Goal of the exercise: Would you repeat word for word the lines of the listing that follows, from the one with "Item preview, Bath" up to and including the one with "una planta de", and leave out the images?

Data shown:
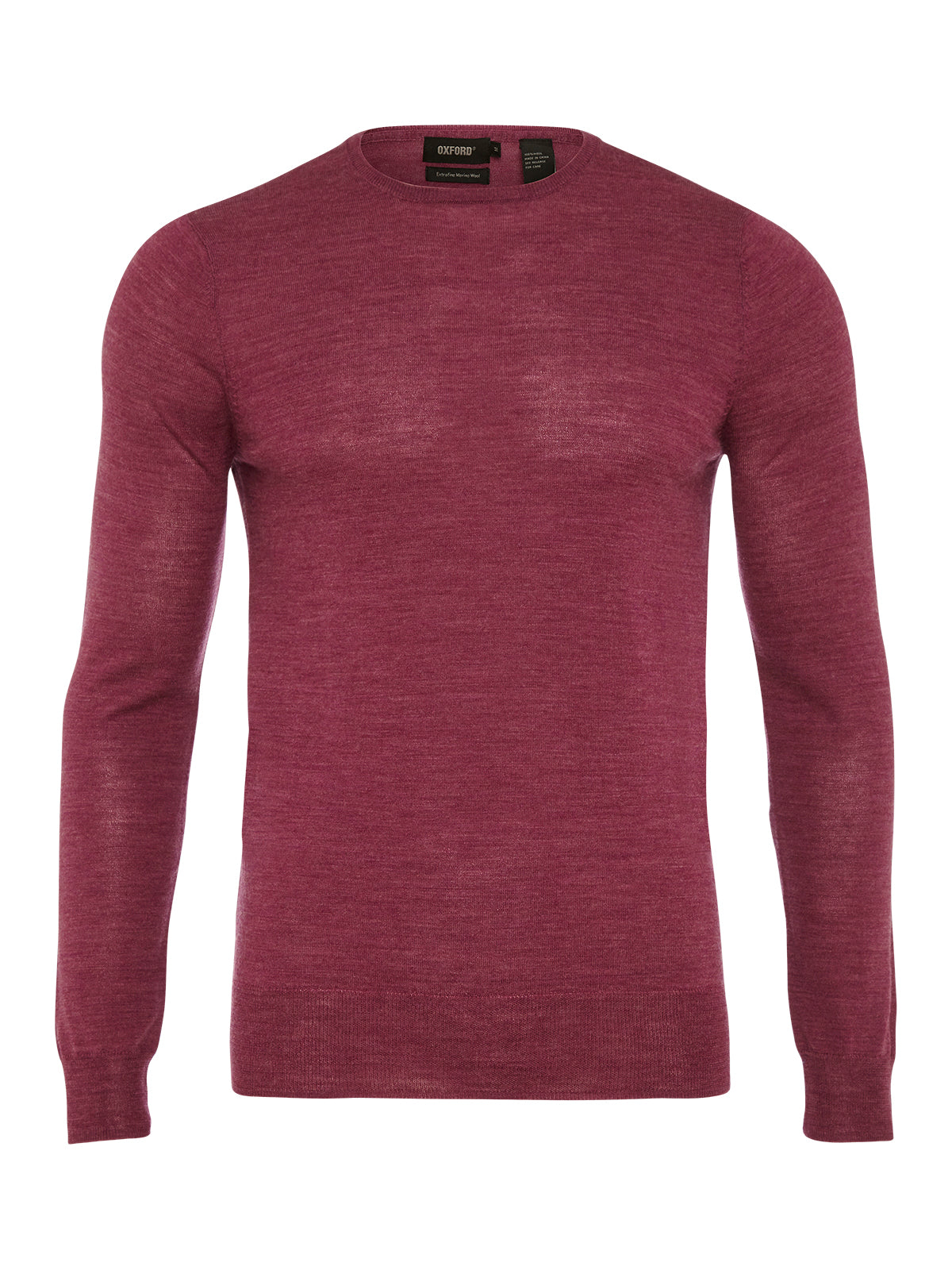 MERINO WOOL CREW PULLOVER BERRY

---

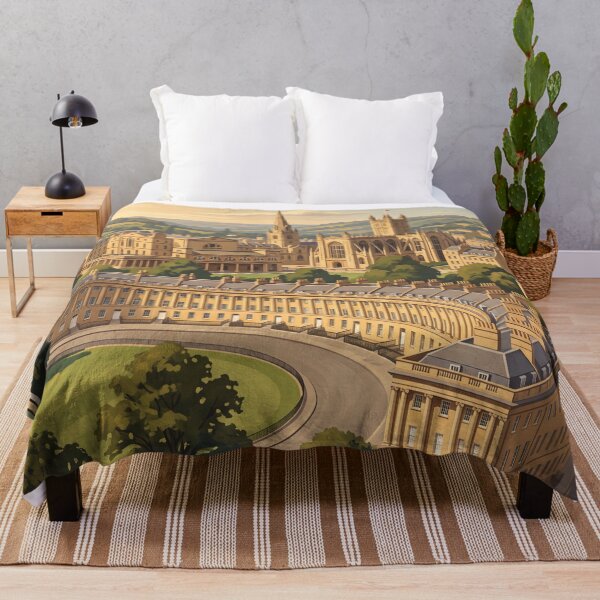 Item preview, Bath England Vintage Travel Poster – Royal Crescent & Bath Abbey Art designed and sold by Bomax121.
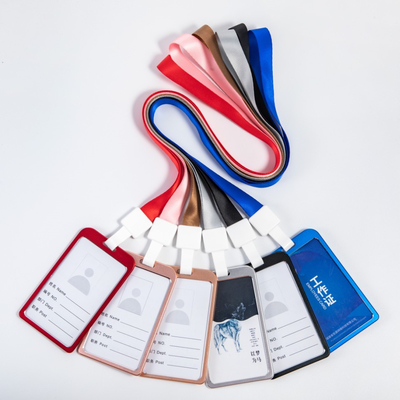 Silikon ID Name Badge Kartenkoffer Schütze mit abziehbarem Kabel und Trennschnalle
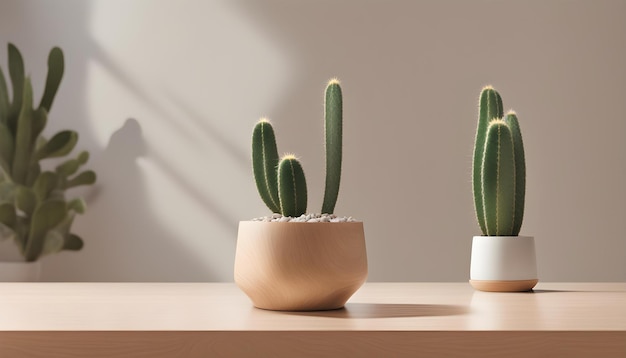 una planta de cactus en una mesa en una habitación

Result of this task:
 Item preview, Bath England Vintage Travel Poster – Royal Crescent & Bath Abbey Art designed and sold by Bomax121.
 Silikon ID Name Badge Kartenkoffer Schütze mit abziehbarem Kabel und Trennschnalle
 una planta de cactus en una mesa en una habitación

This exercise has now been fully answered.